A: ROCF figure with 18 elements. B: demographics of the participants and clinical population. C: examples of hand-drawn ROCF images. D: Pie chart illustrates the numerical proportion of the different clinical conditions. E: performance in the copy and (immediate) recall condition across the lifespan in the present data set. F: distribution of number of images for each total score (online raters).

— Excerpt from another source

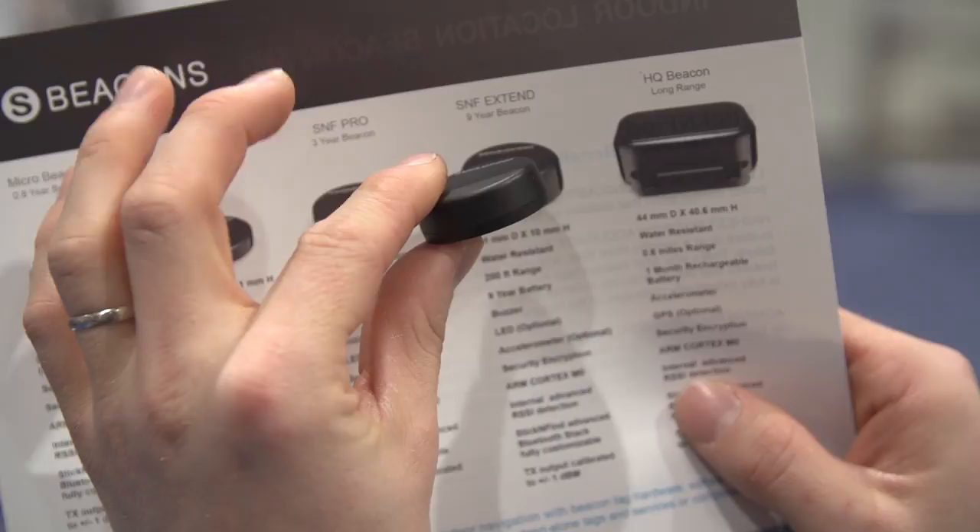And then when you step right up to the Xtend, you get a 9-year battery and water resistance as well. And that's pretty much the advantage.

A: network architecture, constituted of a shared feature extractor and 18 item-specific feature extractors and output blocks. The shared feature extractor consists of three convolutional blocks, whereas item-specific feature extractors have one convolutional block with global max-pooling. Convolutional blocks consist of two convolution and batch-normalization pairs, followed by max-pooling. Output blocks consist of two fully connected layers. ReLU activation is applied after batch normalization. After pooling, dropout is applied. B. item-specific MAE for the regression-based network (blue) and multilabel classification network (orange). In the final model, we determine whether to use the regressor or classifier network based on its performance in the validation data set, indicated by an opaque color in the bar chart. In case of identical performance, the model resulting in least variance was selected. C: Model variants were compared and the performance of the best model in the original, retrospectively collected (green) and the independent, prospectively collected (purple) test set is displayed; Clf: multilabel classification network; Reg: regression-based network; NA: no augmentation; DA: data augmentation; TTA: test time augmentation. D. Convergence analysis revealed that after ∼8000 images, no substantial improvements could be achieved by including more data. E. The effect of image size on the model performance measured in terms of MAE.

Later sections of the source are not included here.